### Data for review
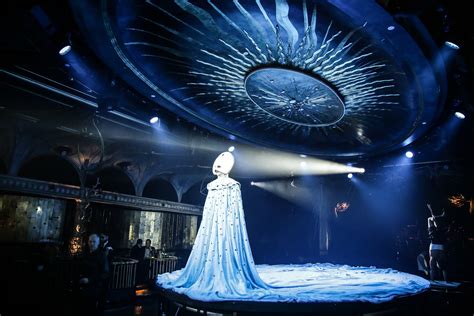 Who is christine jones and why is she trending right now 7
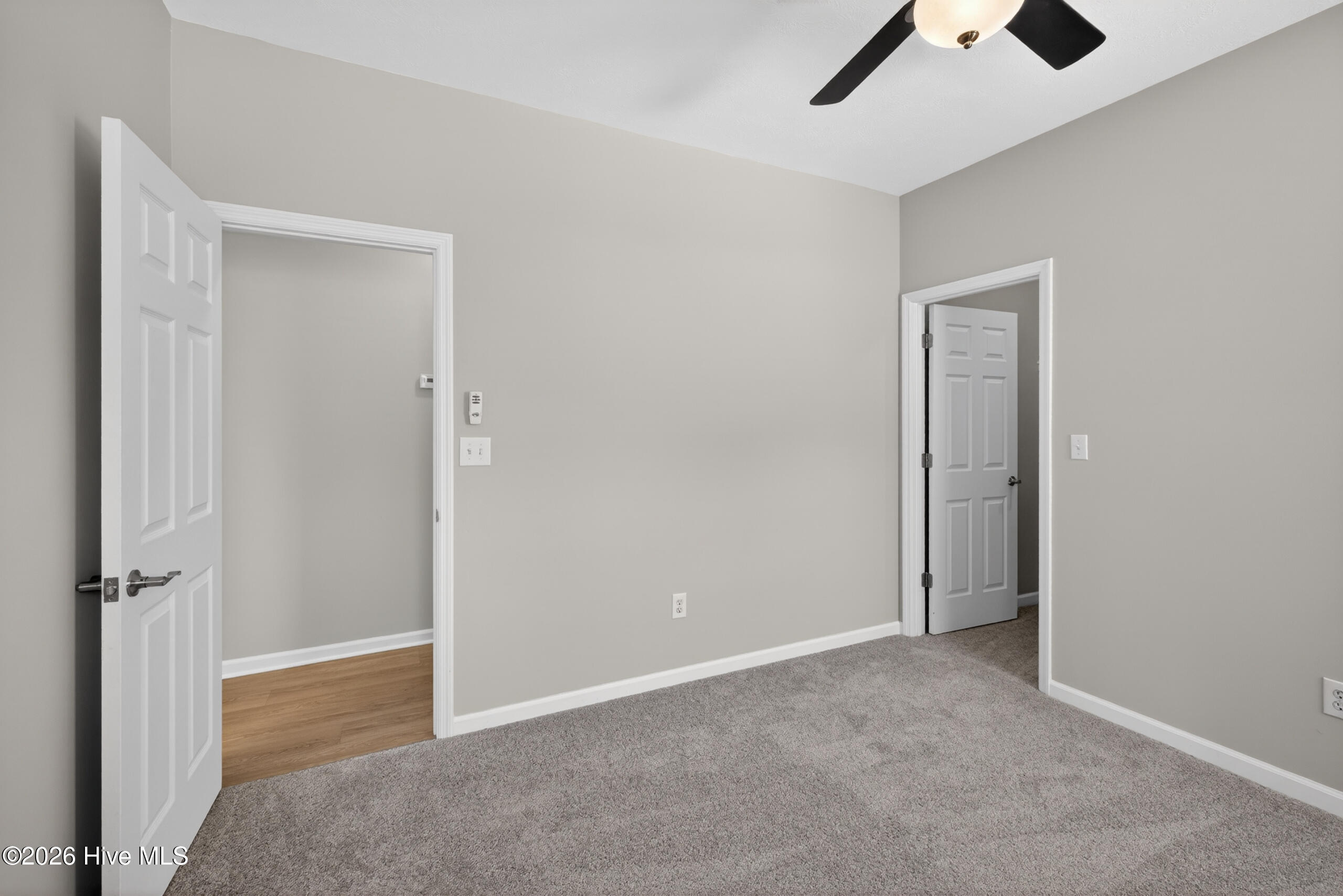 4301 Colony Square Property Photo 23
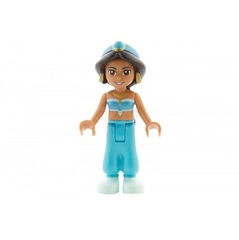 Lego Jasmine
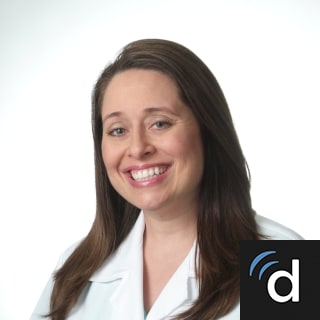 Melissa (Smith) Lefebvre, DO, Pediatric Cardiology, Lexington, KY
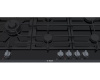 Варочная панель Bosch PRS9A6D70M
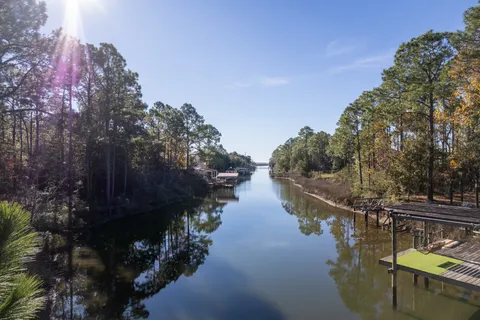 $117,500 | 0 Buffler Drive, Milton, FL 32583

### Exercise
Beginning with the line that contains "Melissa (Smith) Lefebvre, DO, Pediatric", write out the remaining lines of the listing above through the last, exactly and only those, without pictures.

### Exercise output
 Melissa (Smith) Lefebvre, DO, Pediatric Cardiology, Lexington, KY
 Варочная панель Bosch PRS9A6D70M
 $117,500 | 0 Buffler Drive, Milton, FL 32583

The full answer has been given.